(DATA FOR THE TASK)

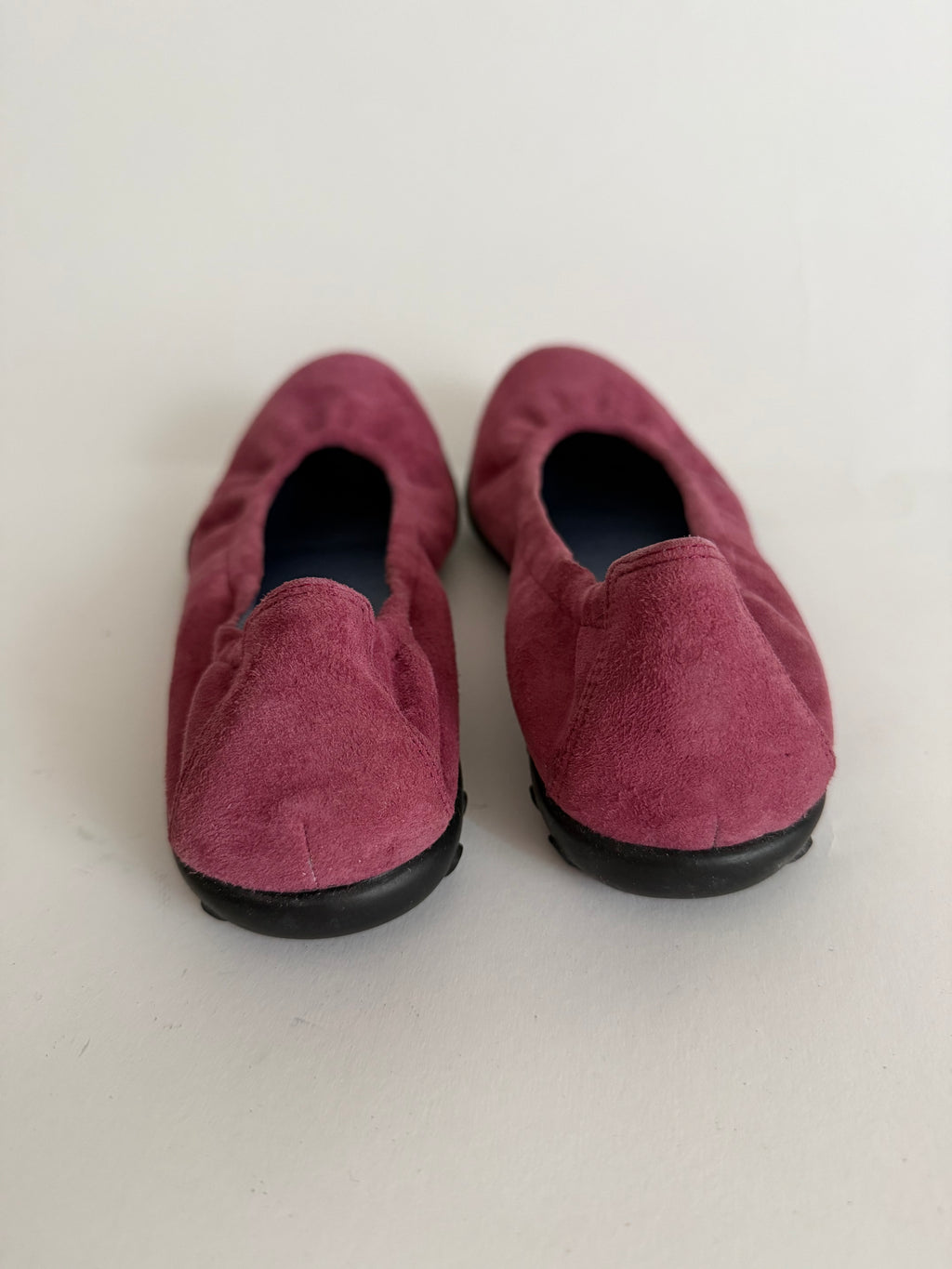 Ballerina pink suede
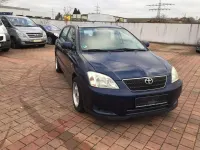 Brugt Toyota Corolla Sol 116 HK (85 kW) 2003 Blå Sedan
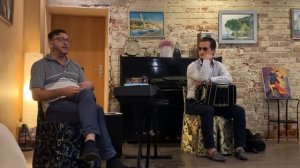 Артем Тимин и Павел Ратынский (Solo Tango Orquesta)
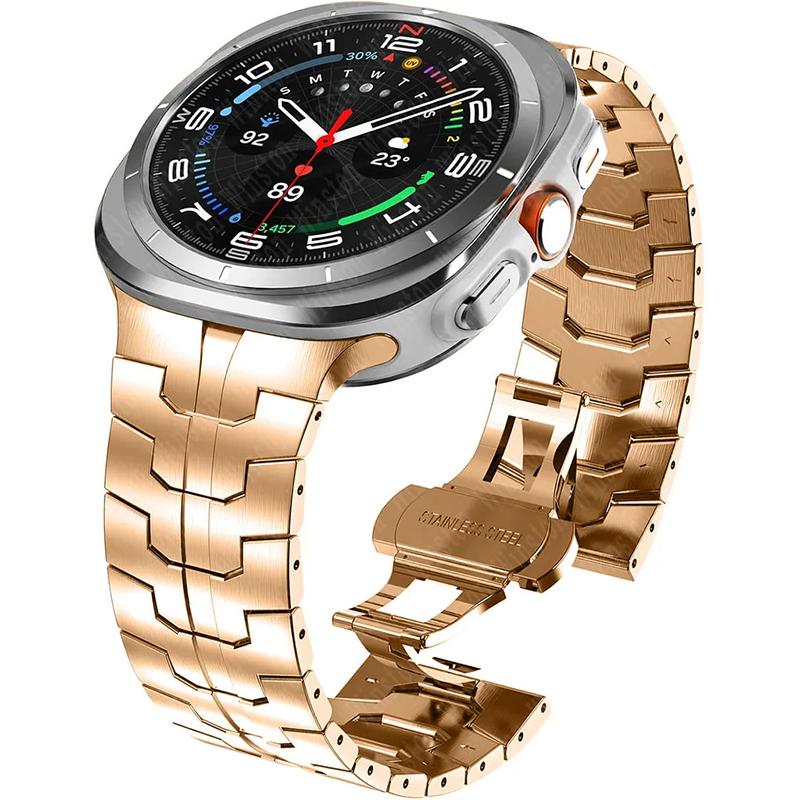 Bracelet for Samsung Galaxy Watch Ultra 2025 Correa Stainless Steel Metal Band for Samsung Ultra 7 Galaxy Ultra 47MM Wrist Strap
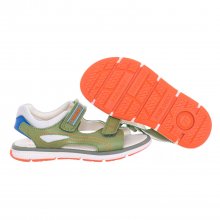 Flat sandals with velcro 5052 boy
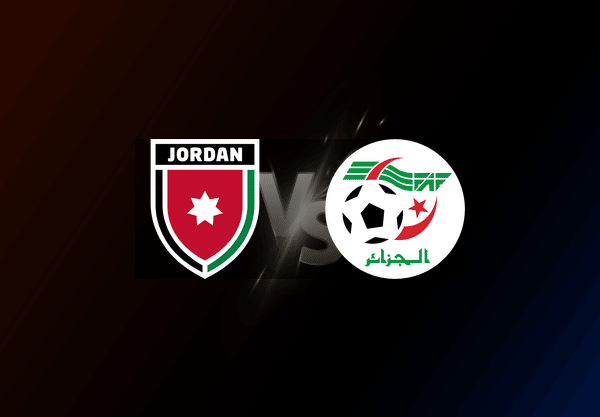 Jordan v Algeria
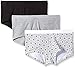 Hanes Women's Cool Comfort Cotton Hipster Panty, Assortment B, 5
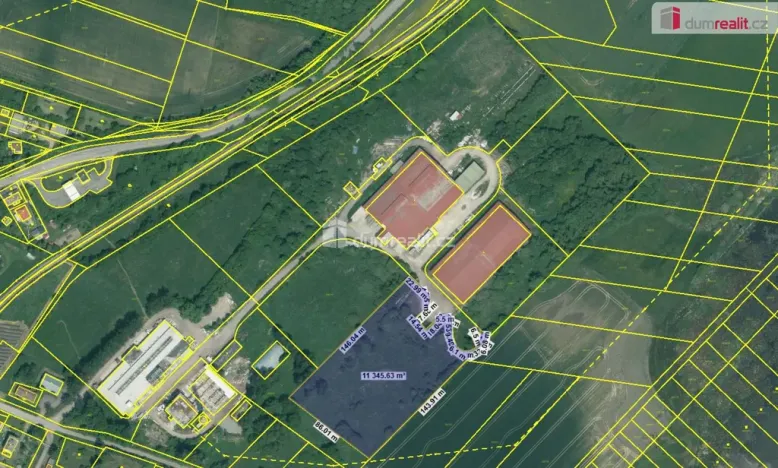 Prodej komerčního pozemku, Bavorov, Tírenská, 7331 m2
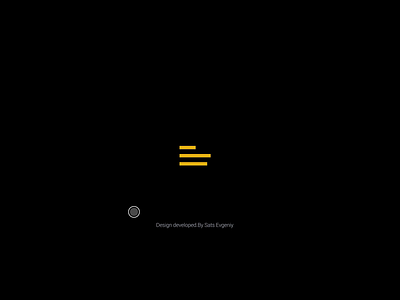 Hamburger menu animation design effect hamburgermenu idea illustration menu minimal mobile motion ui ux yellow дизайнер москва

(End DATA FOR THE TASK)

Whenever a picture appears in the listing, leave it out; copy everything else exactly.

 Ballerina pink suede
 Brugt Toyota Corolla Sol 116 HK (85 kW) 2003 Blå Sedan
 Артем Тимин и Павел Ратынский (Solo Tango Orquesta)
 Bracelet for Samsung Galaxy Watch Ultra 2025 Correa Stainless Steel Metal Band for Samsung Ultra 7 Galaxy Ultra 47MM Wrist Strap
 Flat sandals with velcro 5052 boy
 Jordan v Algeria
 Hanes Women's Cool Comfort Cotton Hipster Panty, Assortment B, 5
 Prodej komerčního pozemku, Bavorov, Tírenská, 7331 m2
 Hamburger menu animation design effect hamburgermenu idea illustration menu minimal mobile motion ui ux yellow дизайнер москва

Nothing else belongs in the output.